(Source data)
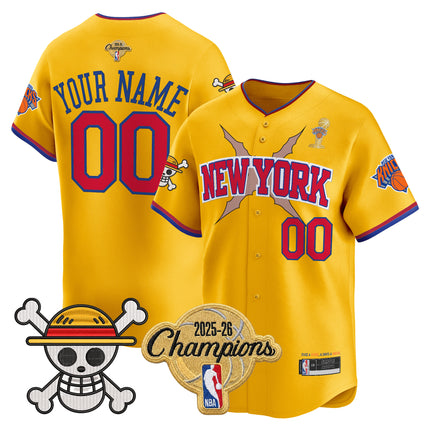 New York Knicks 2026 Champions Patch x One Piece Vapor Custom Baseball Jersey - All Stitched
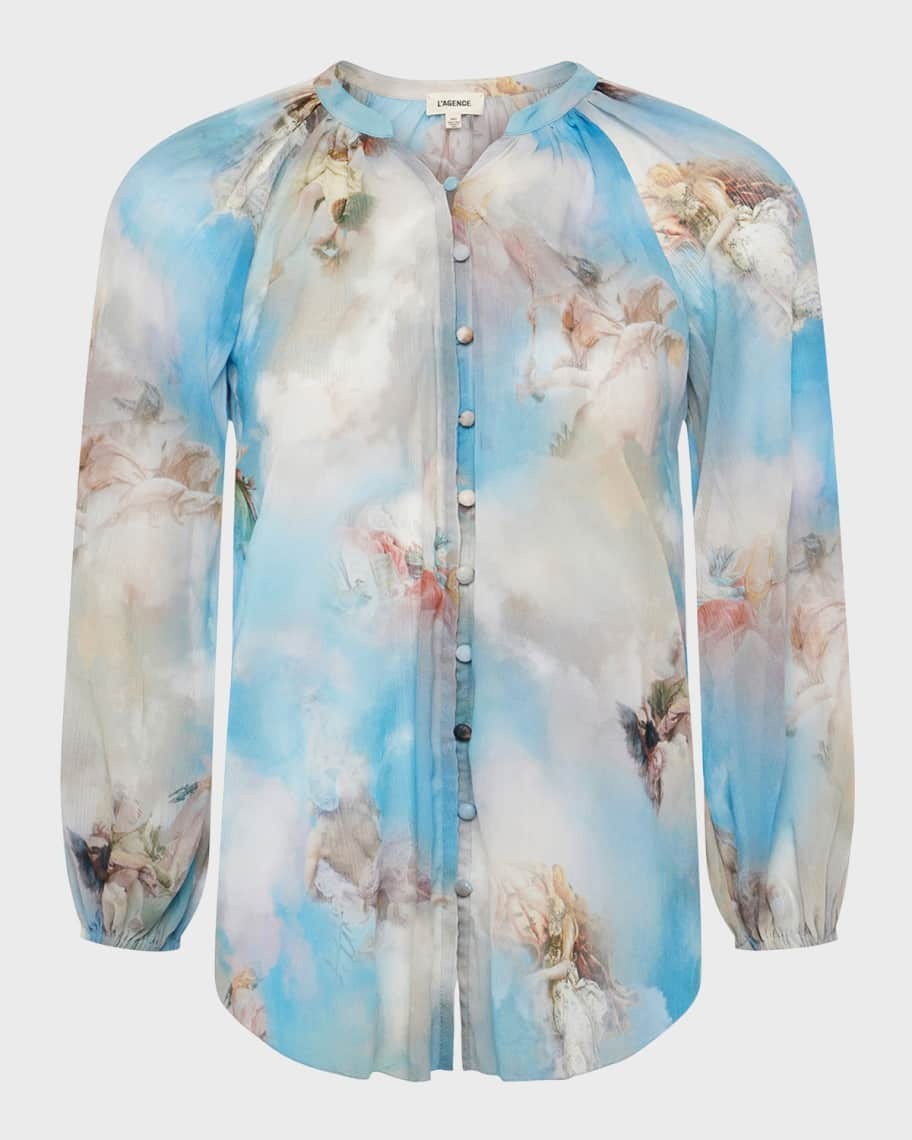 L'Agence Teagan Renaissance Dolman-Sleeve Blouse | Neiman Marcus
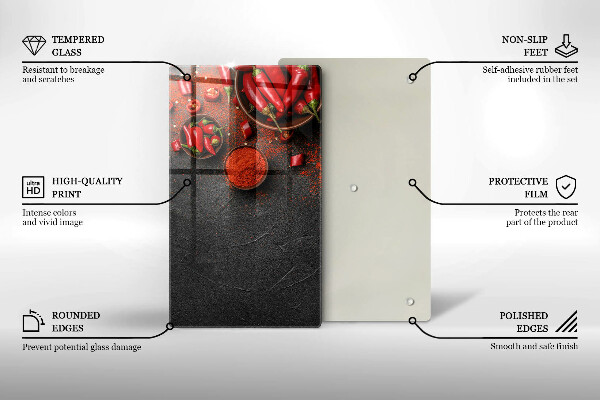 Tábua para cozinha Pimentas vermelhas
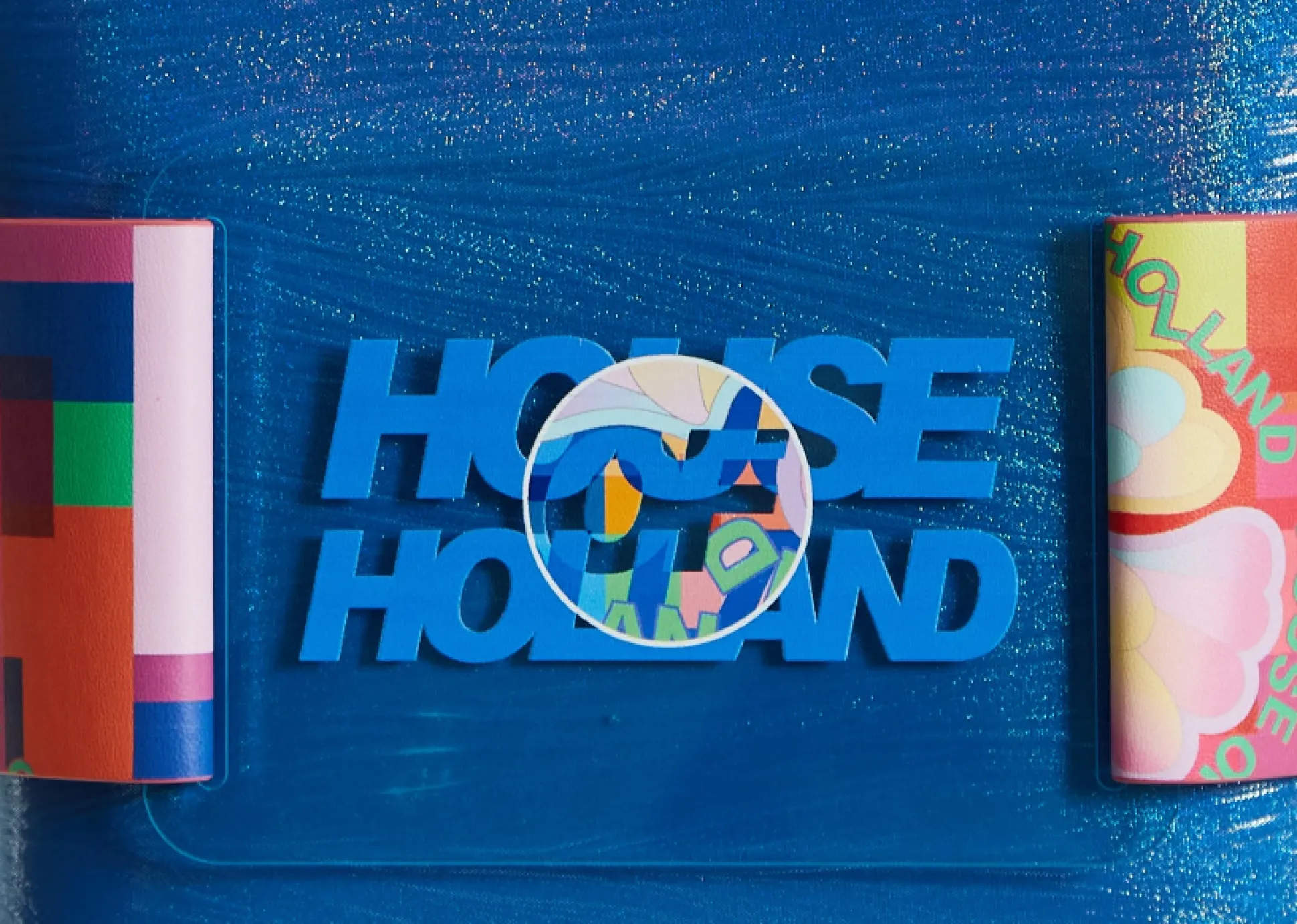House Of Holland Blue Crossbody Bag With Logo Printed Acrylic Front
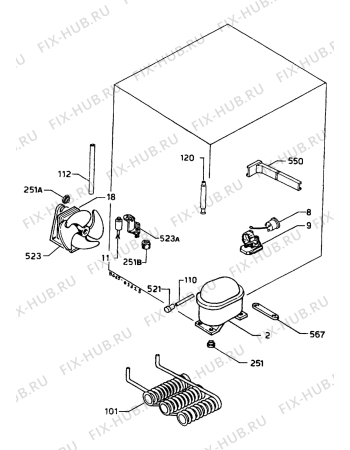 Взрыв-схема холодильника Zanussi ZUD5155 - Схема узла Cooling system 017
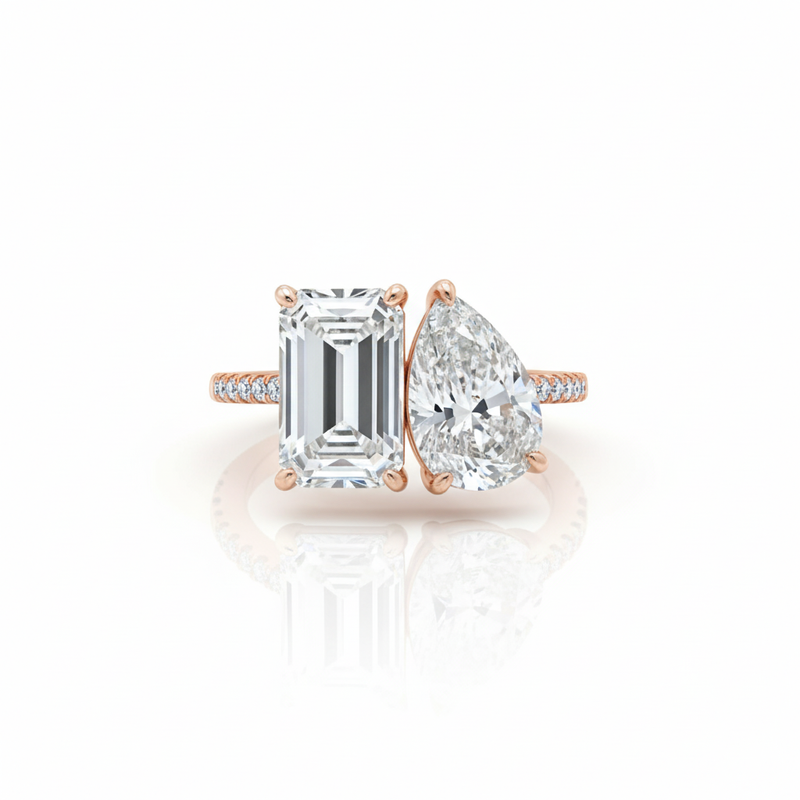 Radiant Pear Duo Romance 18K Natural Diamond Toi et Moi Engagement Ring | Riyanika Jewels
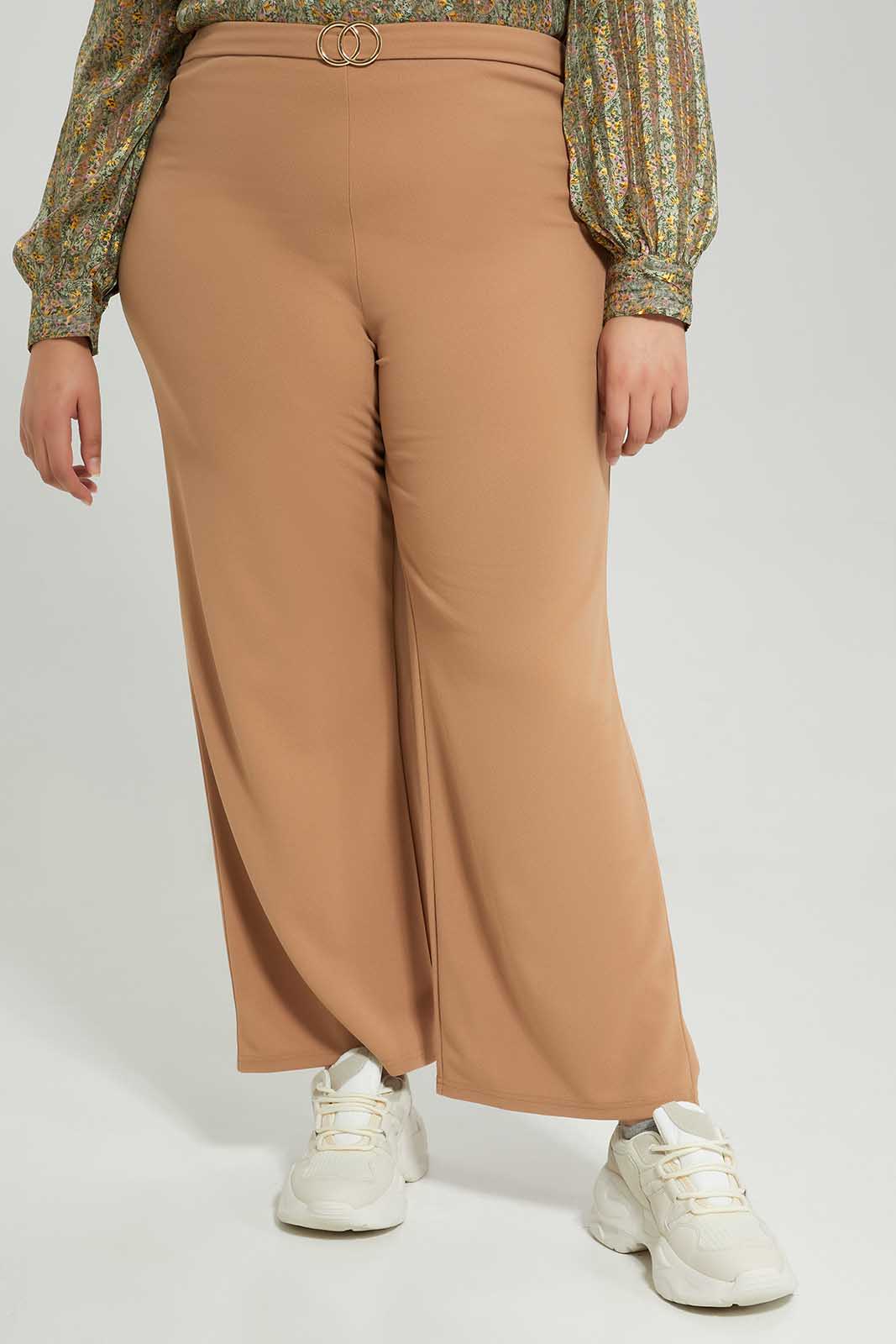 Redtag-Women-Beige-Wide-Leg-Pants-With-Metal-Buckle-Detail-Category:Trousers,-Colour:Beige,-Deals:New-In,-Dept:Ladieswear,-Filter:Plus-Size,-LDP-Trousers,-New-In-LDP-APL,-Non-Sale,-Section:Women,-W22B-Women's-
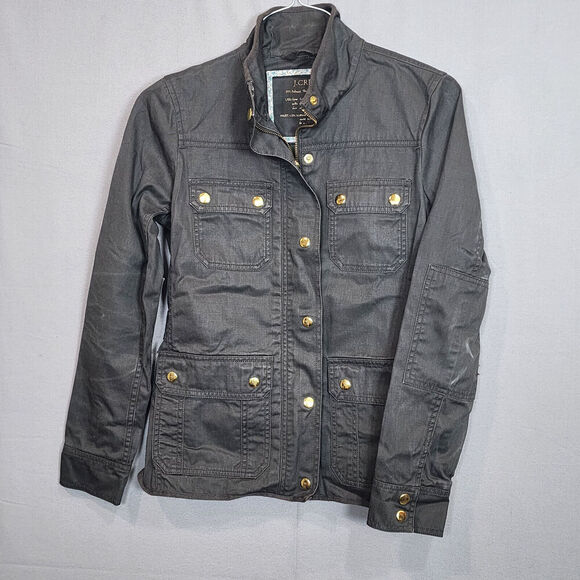 J Crew Women's Relaxed Boyfriend Field Jacket Size XS Gray Black Cinch Waist - Picture 1 of 7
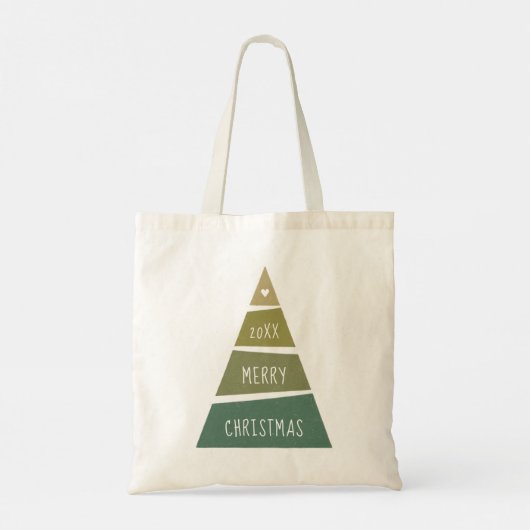 Vrolijk kerstfeest. Groene geometrische vakantiebo Tote Bag (Achterkant)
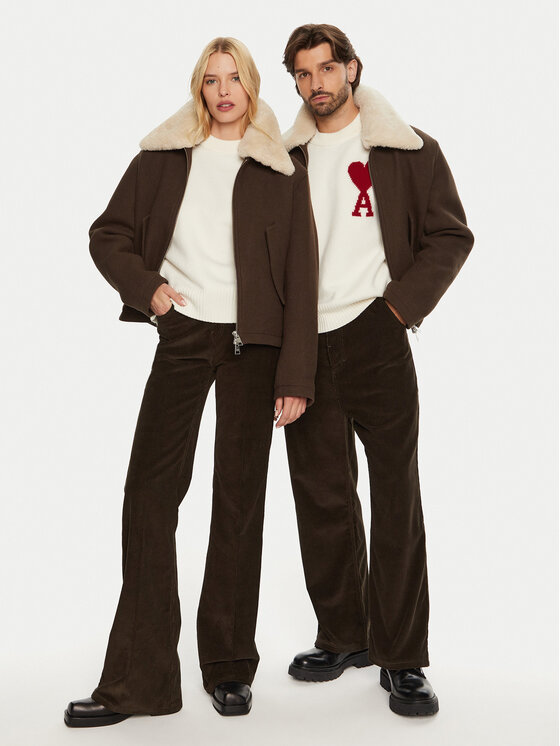 AMI PARIS AMI PARIS Átmeneti kabát HJK060.WV0049 Barna Regular Fit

§ **TASK TO COMPLETE**
The records are to be returned word for word, without any of their pictures.

§ **OUTPUT OF THE EXERCISE**
 New York Knicks 2026 Champions Patch x One Piece Vapor Custom Baseball Jersey - All Stitched
 L'Agence Teagan Renaissance Dolman-Sleeve Blouse | Neiman Marcus
 Tábua para cozinha Pimentas vermelhas
House Of Holland Blue Crossbody Bag With Logo Printed Acrylic Front
 Взрыв-схема холодильника Zanussi ZUD5155 - Схема узла Cooling system 017
 Radiant Pear Duo Romance 18K Natural Diamond Toi et Moi Engagement Ring | Riyanika Jewels
 Redtag-Women-Beige-Wide-Leg-Pants-With-Metal-Buckle-Detail-Category:Trousers,-Colour:Beige,-Deals:New-In,-Dept:Ladieswear,-Filter:Plus-Size,-LDP-Trousers,-New-In-LDP-APL,-Non-Sale,-Section:Women,-W22B-Women's-
 J Crew Women's Relaxed Boyfriend Field Jacket Size XS Gray Black Cinch Waist - Picture 1 of 7
 Vrolijk kerstfeest. Groene geometrische vakantiebo Tote Bag (Achterkant)
 AMI PARIS AMI PARIS Átmeneti kabát HJK060.WV0049 Barna Regular Fit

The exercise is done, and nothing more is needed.